The Hi-Per-Mite filter from 4 State QRP Group is just what I needed. I built the kit without problems in about an hour, then I put it in the uBITX box, with  switch on the front panel that lets me put it in the circuit or take it out -- this is very satisfying and a lot of fun.  

The Hi-Per-Mite just goes between the uBITX audio out and the speaker/headphone connection. I built mine for "no gain" -- the uBITX provides plenty of audio. 

The selectivity with the Hi-Per-Mite compares favorably to that of my Drake 2-B with the 500 Hz LC filter.  You can get an idea of the performance in the video. 

Three cheers for the 4 State QRP Group and their Hi-Per-Mite!  Here is the page with all the info:

Monday, February 17, 2020

K6RRE's One Tube Rig Project

Mike will send us more info later... 

Friday, February 14, 2020

The Si4730 Radio Chip (Luddite Alert!) (video)

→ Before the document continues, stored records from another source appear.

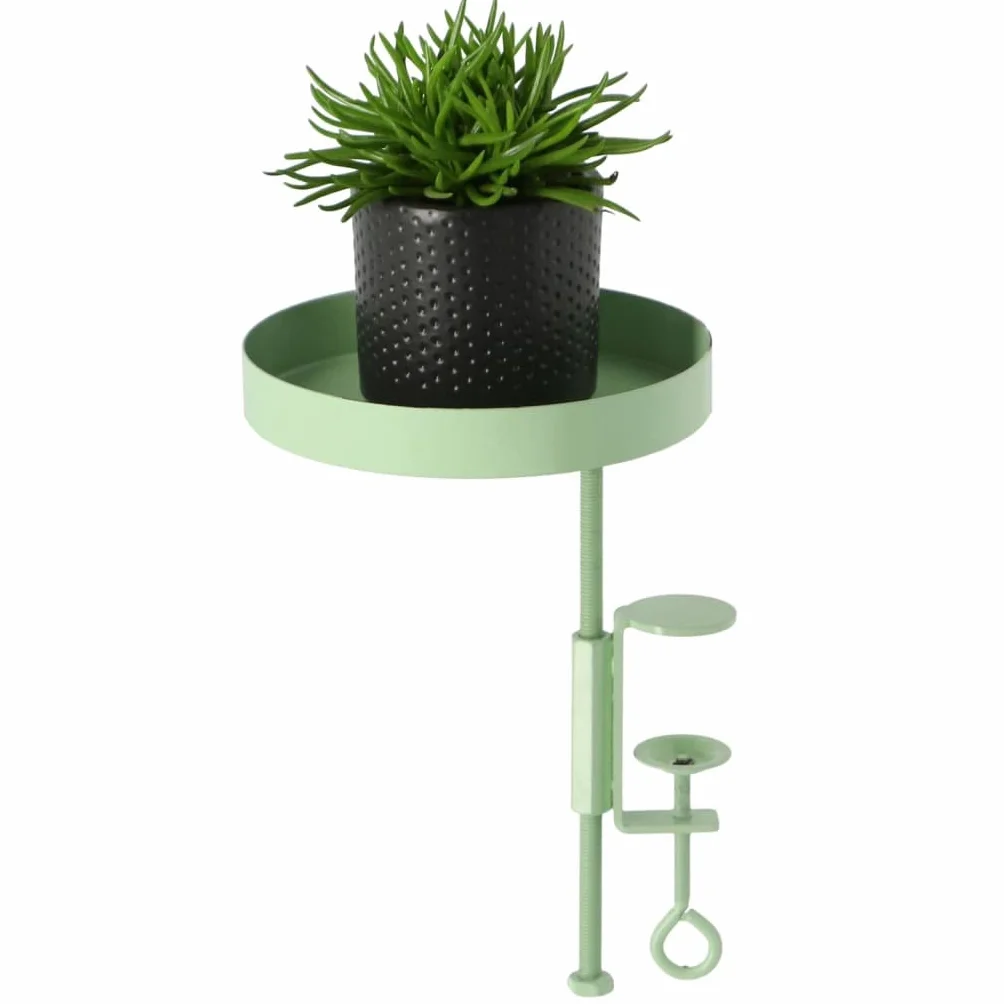 Esschert Design Blumentopfhalter mit Klemme Rund Grün S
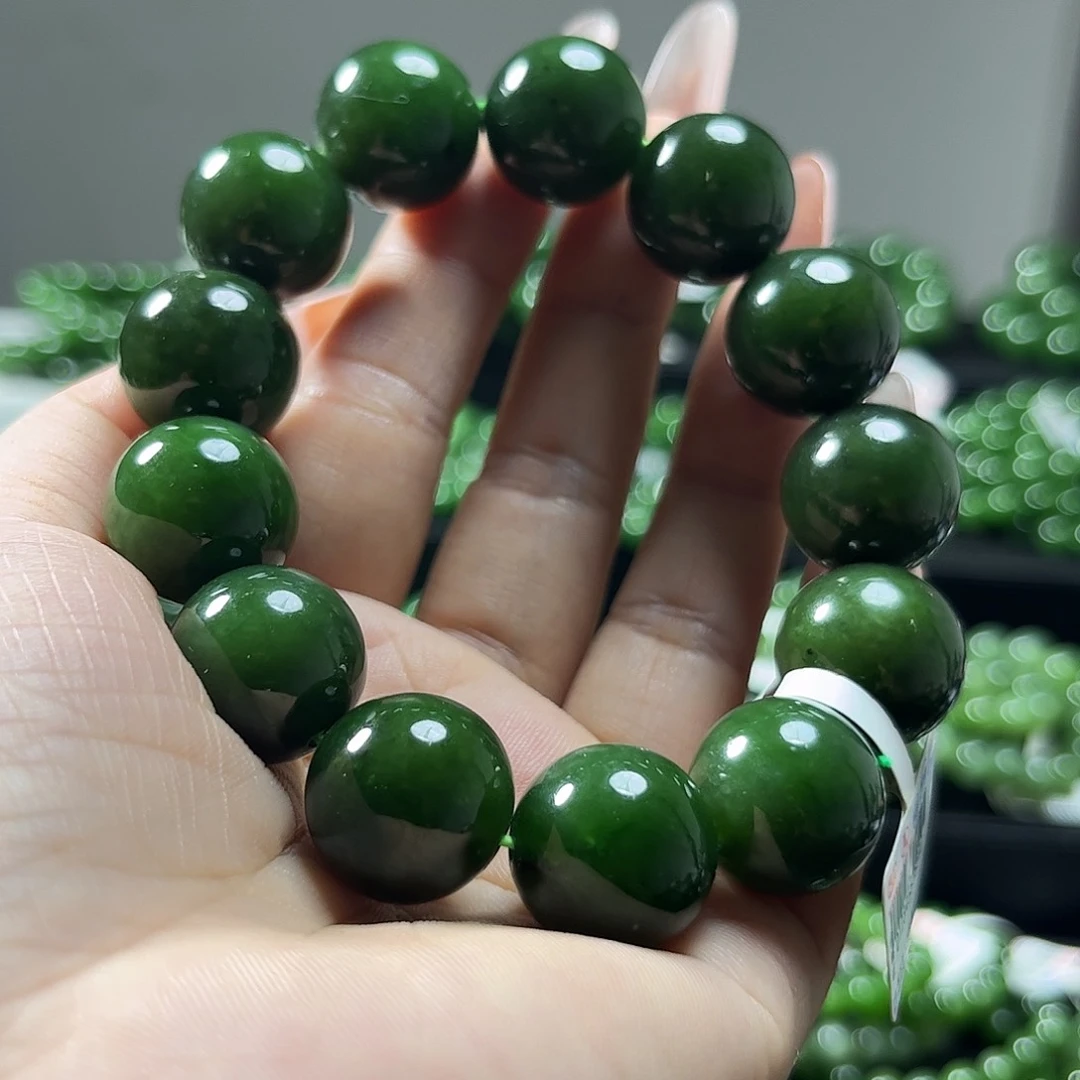 手链未镶嵌和田玉（碧玉）16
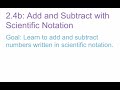 Adding and Subtracting Scientific Notation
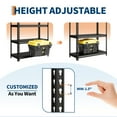 thumbnail image 3 of 5-Tier Steel Garage Shelving Unit, 48"W x 16"D x 72"H, Adjustable Steel Utility Storage Rack with Metal Shelves, 770 Lbs/Shelf Capacity, for Garage, Warehouse, Pantry & Basement, Heavy Duty, Black, 3 of 7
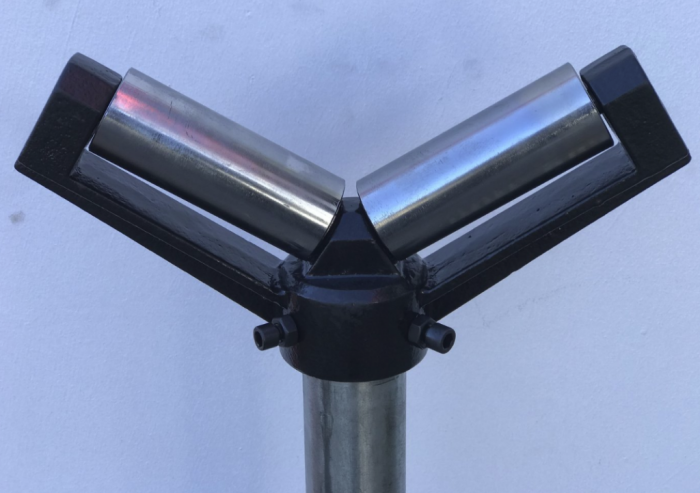 Roller Stands. Heavy Duty 52mm x 125mm V - Type Adjustable Height 580 - 970 high 200kg capacity - Image 4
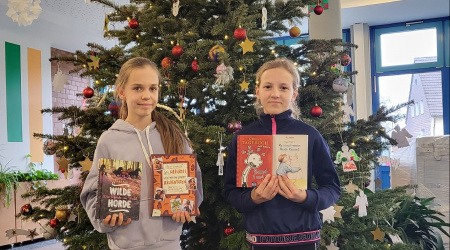 Die Gewinnerinnen Ida Schäfer und Lenea Janzen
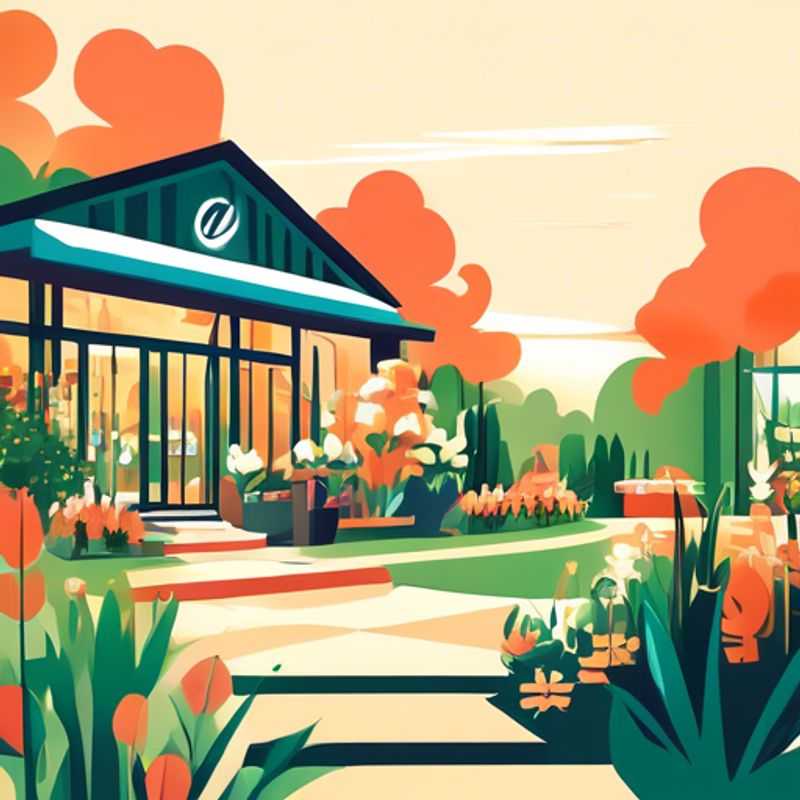 A loja de jardinagem, um paraíso para entusiastas de plantas e amantes da natureza.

I have misgivings about this.  Hack-A-Day presents it as a DIY radio project and wonders if this might be the modern equivalent of the crystal radio projects of days-gone-by.  But notice that the "build" video focuses mostly on building the box.  The electronic "building" of this radio mostly involves plugging in two chips, or two boards with chips. My questions are: 

1) When this project is finished, who REALLY built it? You, or the Si4730 manufacturer?  

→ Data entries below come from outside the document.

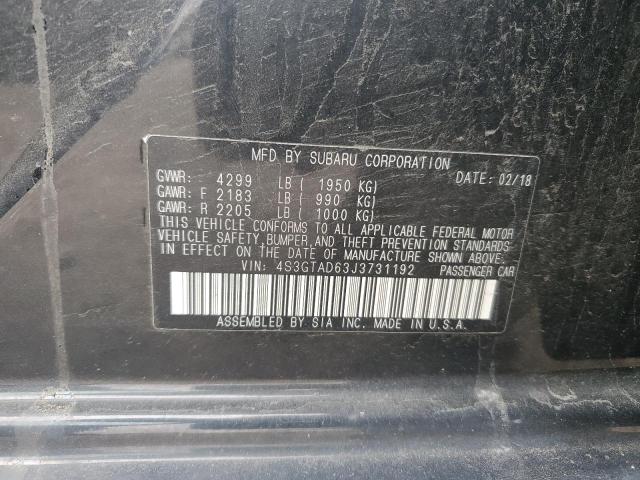 Photo 12 VIN: 4S3GTAD63J3731192 - SUBARU IMPREZA PR 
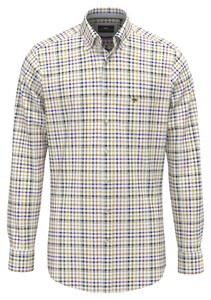 Fynch-Hatton Heritage Oxford Multi Check Overhemd Wit-Multi
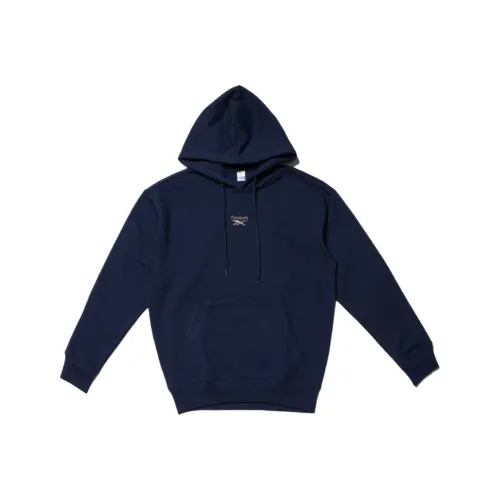 Reebok Морской Синий Мужской Свитшот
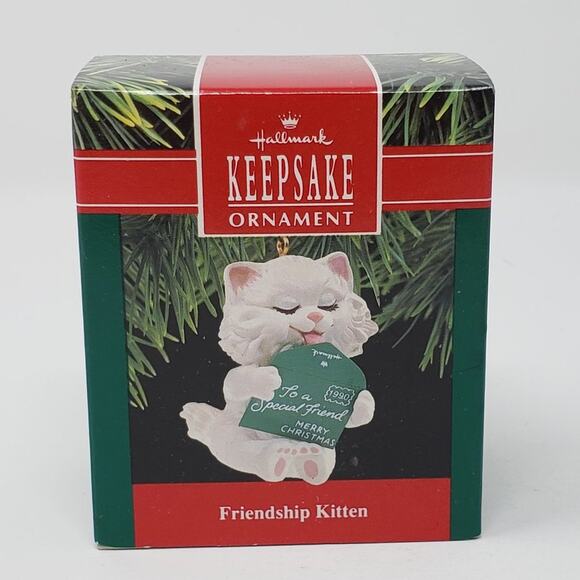 1990 Hallmark Friendship Kitten Handcrafted Keepsake Holiday Christmas Ornament. - Picture 8 of 12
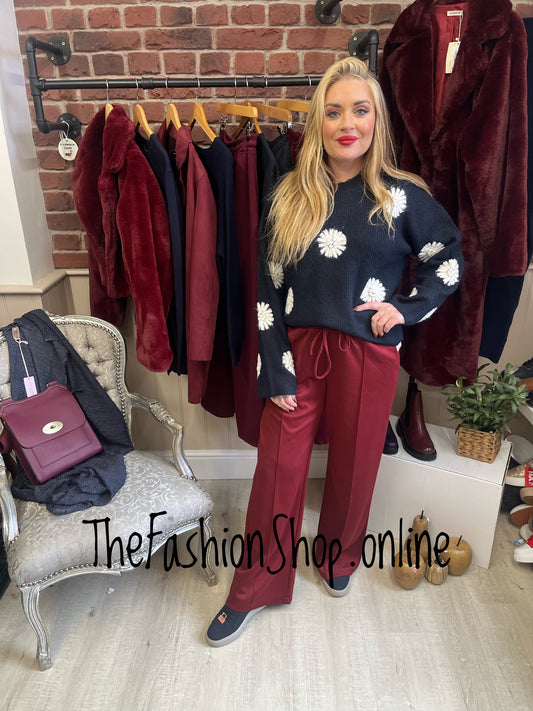 Layla navy and cream jumper sizes 10-16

2)  After you've "built" this thing, would you have the same sense of accomplishment that you get from an analog, discrete component project?  Or even from that crystal radio?  

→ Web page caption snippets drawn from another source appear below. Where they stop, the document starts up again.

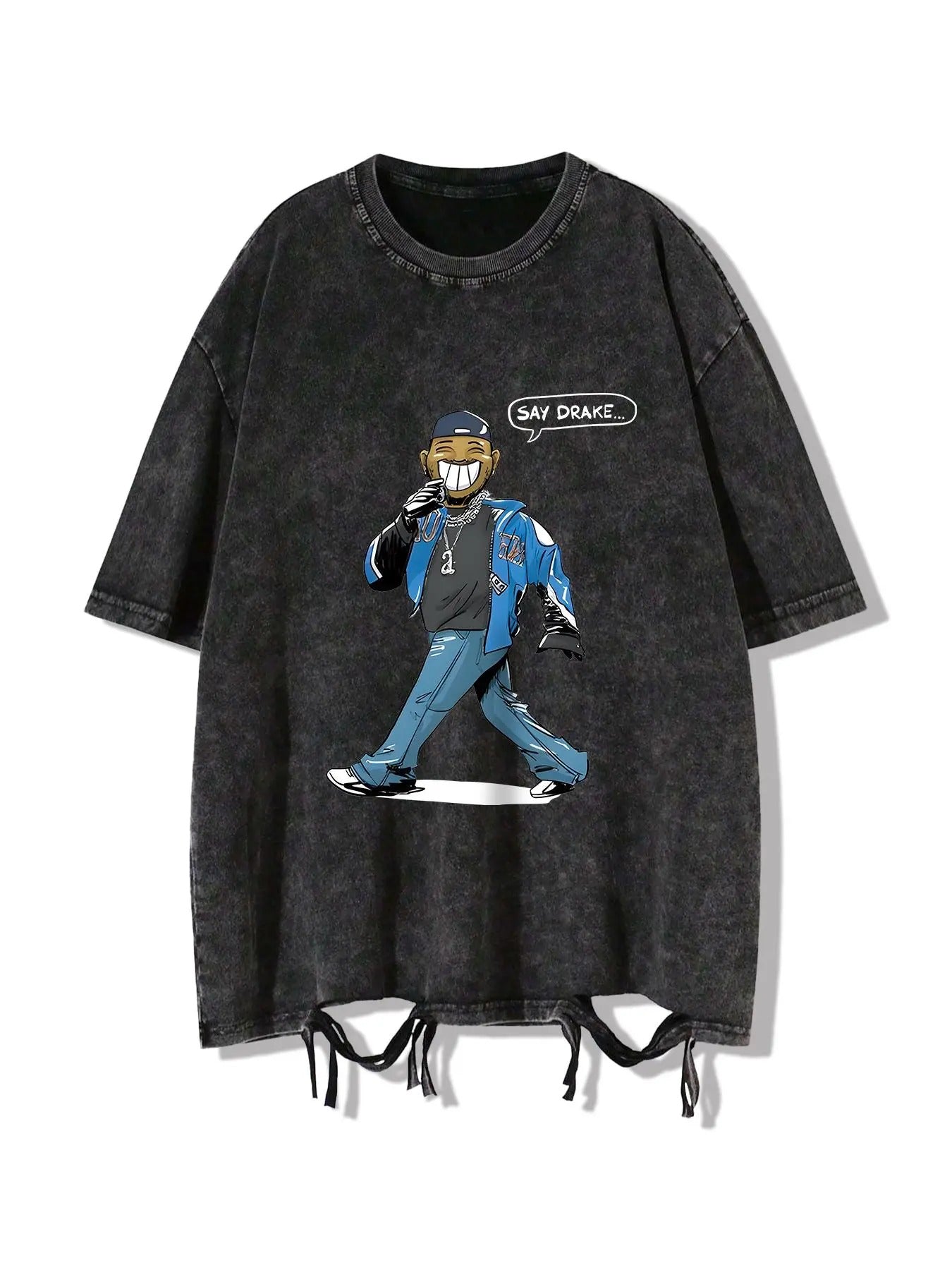 Men's Cartoon Print Round Neck Tee, Regular Fit Casual Short Sleeve Crew Neck T-Shirt for Daily Wear, Fashion Men's Top...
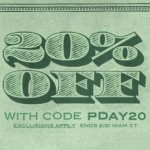 20% Off at Threadless with code PDAY20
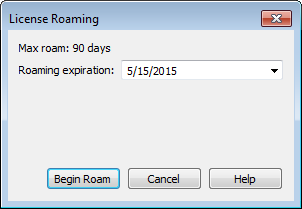 license roaming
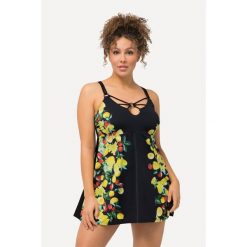 Damska Sukienka Kąpielowa cytryny miękkie miseczki fiszbiny. Czarne kostiumy jednoczęściowe damskie Ulla Popken, l, bez wzorów, z elastanu, sportowe, plus size. Za 343.99 zł.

Of course, to each his own.   This is all for fun.  Have fun with the Si4730.  But today I'll be working on my Hallicrafters S-38E.

Wednesday, February 12, 2020

TRGHS: Hallicrafters S-38E will NOT be Discarded (video)

My Hallicrafters S-38E was on very thin ice.  I had grown tired of the little beast.  Its dangerous no-transformer power supply had caused me to risk death and to fry one of the RF input coils (that happens if you short the antenna input to an inadvertently hot chassis). It is rickety and old and I just got tired of working on it.  I had down in the basement, awaiting disposal of some kind.  (I'd been afraid to give it away, fearing that the recipient might electrocute himself.)  But recently I've been doing some shortwave listening and this caused me to reconsider the S-38E.  

Around this time, while looking at e-bay, I saw some guy selling just the RF input coil that I had fried.  So I bought it.  Then I pulled the S38-E out of the basement and fired it up.  I realized that I had already done a lot of work on it.  I had put in an isolation transformer, so the receiver was no longer quite so dangerous.  I'd already replaced most of the capacitors.  It sounded pretty good on the AM broadcast band.  Then, in my first scan of the shortwave bands, I heard the William Tell Overture pouring from the speaker (see video).  Could it be?  Perhaps a replay of the Jean Shepherd show?  No, but I soon heard the familiar voice of Tim WA1HLR -- he was doing his show on (I think) WBCQ shortwave, just above our 40 meter band.     


Monday, February 10, 2020

Volcano Light in Chile

This popped up on Twitter today.  It is from 2018 -- the Villarrica volcano in Chile.   Interesting shot. The label said it was taken during a snowstorm, but I don't think that is right -- the "snow" is actually stars and that big white thing in the cone of red light is the Large Magellanic cloud.  

Sunday, February 9, 2020

W6IQY's Homebrew SSB Transceiver from the mid-1960s

Oh wow, it is definitely a thing of beauty.  Bob W9RAN acquired this homebrew gem and put it back on the air.   Bob also wrote a very nice article about the rig and how it was made.  (Mike WU2D should brace himself -- many surplus rigs were cannibalized in the process.)  It is especially fitting that I post this today because February 9 is the day of the Classic Exchange on-the-air event.  (My DX-100 is warming up.) 

Here is the article:

Bob's site has some more really wonderful articles.  You can read about Heathkit monobanders, DX-60s. ELMAC power supplies and -- my favorite --  Mike Hopkins and the Five Meter Liberation Army.   The FMLA was, of course, the forerunner and inspiration for our current Color Burst Liberation Army. 

See it all here: 

Thanks Bob! 

Monday, February 3, 2020

AM Rally Report -- Great Contacts on 40 AM

The AM Rally this past weekend was a lot of fun.  I was reminded of how the guys that you talk to on AM are just so much more likely to be running interesting homebrew or vintage gear.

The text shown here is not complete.